EXERCISE BRIEF =>
Your response should reproduce every line of the entries that contains the word "Florida".

Short text fragments from websites
BEGIN

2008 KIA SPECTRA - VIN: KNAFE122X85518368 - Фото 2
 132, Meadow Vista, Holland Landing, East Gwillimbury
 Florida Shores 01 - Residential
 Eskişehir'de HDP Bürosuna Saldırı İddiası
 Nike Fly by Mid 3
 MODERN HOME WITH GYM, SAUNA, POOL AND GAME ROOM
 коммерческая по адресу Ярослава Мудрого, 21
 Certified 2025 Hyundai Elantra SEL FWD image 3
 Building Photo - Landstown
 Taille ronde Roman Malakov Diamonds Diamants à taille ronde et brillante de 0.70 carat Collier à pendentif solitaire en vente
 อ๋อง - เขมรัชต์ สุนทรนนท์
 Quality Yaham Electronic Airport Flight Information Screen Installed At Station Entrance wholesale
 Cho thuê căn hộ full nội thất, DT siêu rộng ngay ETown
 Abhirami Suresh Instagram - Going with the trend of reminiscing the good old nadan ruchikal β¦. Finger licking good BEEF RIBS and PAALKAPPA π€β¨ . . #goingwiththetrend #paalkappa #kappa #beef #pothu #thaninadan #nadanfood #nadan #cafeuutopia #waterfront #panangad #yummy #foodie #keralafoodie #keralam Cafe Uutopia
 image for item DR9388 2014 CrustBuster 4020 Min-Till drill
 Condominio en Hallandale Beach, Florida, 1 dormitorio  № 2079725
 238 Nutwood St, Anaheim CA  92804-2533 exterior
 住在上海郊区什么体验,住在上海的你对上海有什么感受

END

OUTPUT =>
 Florida Shores 01 - Residential
 Condominio en Hallandale Beach, Florida, 1 dormitorio  № 2079725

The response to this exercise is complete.